Single by Cole Swindell

from the album Cole Swindell
- Released: March 24, 2014
- Recorded: 2013–14
- Genre: Country
- Length: 3:48
- Label: Warner Bros. Nashville
- Songwriters: Cole Swindell; Brian Kelley; Tyler Hubbard; Michael Carter;
- Producer: Michael Carter

Cole Swindell singles chronology
| "Chillin' It" (2013) | "Hope You Get Lonely Tonight" (2014) | "Ain't Worth the Whiskey" (2014) |

= Hope You Get Lonely Tonight =

"Hope You Get Lonely Tonight" is a song co-written and recorded by American country music artist Cole Swindell. It was released on March 24, 2014 by Warner Bros. Nashville as the second single from Swindell's self-titled debut album. Swindell wrote the song with Brian Kelley and Tyler Hubbard of Florida Georgia Line and Michael Carter.

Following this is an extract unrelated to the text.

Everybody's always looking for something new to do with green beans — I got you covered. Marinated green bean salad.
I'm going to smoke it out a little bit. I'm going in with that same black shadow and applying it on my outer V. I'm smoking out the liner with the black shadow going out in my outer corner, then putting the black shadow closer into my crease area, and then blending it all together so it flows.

The song received positive reviews from critics who praised its lyricism and different takes on typical country tropes. "Hope You Get Lonely Tonight" peaked at number one on the US Billboard Country Airplay chart, giving Swindell his second number-one country hit overall. It also charted at numbers seven and 50 on the Hot Country Songs and US Billboard Hot 100 charts respectively. The song was certified platinum by the Recording Industry Association of America (RIAA), denoting sales of over one million units in that country. The song also charted in Canada at number six on the Country chart and number 74 on the Canadian Hot 100. It was also certified gold by Music Canada, denoting sales of over 40,000 units in that country.

The accompanying music video was directed by Peter Zavadil and features Swindell and his girlfriend hanging out separately at night.

==Critical reception==
Billy Dukes of Taste of Country gave the song a favorable review, praising it for having "sharp lyrics, fine storytelling and an undeniable familiarity." Dukes wrote that Swindell "uses country tropes in unique ways" and added that "the production is thick with guitar and synthesizers, but nothing gets in the way of this fine lyric." Ashley Cooke of Roughstock gave the song four stars out of five, calling it "destined for success" and "a well-written song, which is sure to gain attention in this new 'Pop/Country', 'Bro-Country' world." In 2017, Billboard contributor Chuck Dauphin put "Hope You Get Lonely Tonight" at number three on his top 10 list of Swindell's best songs.

==Music video==
The music video was directed by Peter Zavadil and premiered in August 2014. The video features Swindell and his girlfriend hanging out separately while feeling depressed; Swindell alone at a bar and she hanging out with her girlfriends. The video ends with both of them meeting together at a diner.

==Chart performance==
"Hope You Get Lonely Tonight" debuted at number 57 on the U.S. Billboard Country Airplay chart for the week of March 22, 2014. It also debuted at number 27 on the U.S. Billboard Hot Country Songs chart for the week of February 1, 2014. For the week of October 11, the song became his first number one single on the Country Airplay chart. As of October 2014, the single has sold 617,000 copies in the United States. On January 6, 2016, the single was certified platinum by the Recording Industry Association of America (RIAA) for sales of over a million digital copies in the United States.

==Charts==

===Weekly charts===

| Chart (2014) | Peak position |
|---|---|
| Canada Hot 100 (Billboard) | 74 |
| Canada Country (Billboard) | 6 |
| US Billboard Hot 100 | 50 |
| US Country Airplay (Billboard) | 1 |
| US Hot Country Songs (Billboard) | 7 |

===Year-end charts===

| Chart (2014) | Position |
|---|---|
| US Country Airplay (Billboard) | 7 |
| US Hot Country Songs (Billboard) | 21 |

==Certifications==

| Region | Certification | Certified units/sales |
| Canada (Music Canada) | Gold | 40,000^{*} |
| United States (RIAA) | Platinum | 1,000,000^{‡} |
^{*} Sales figures based on certification alone. ^{‡} Sales+streaming figures based on certification alone.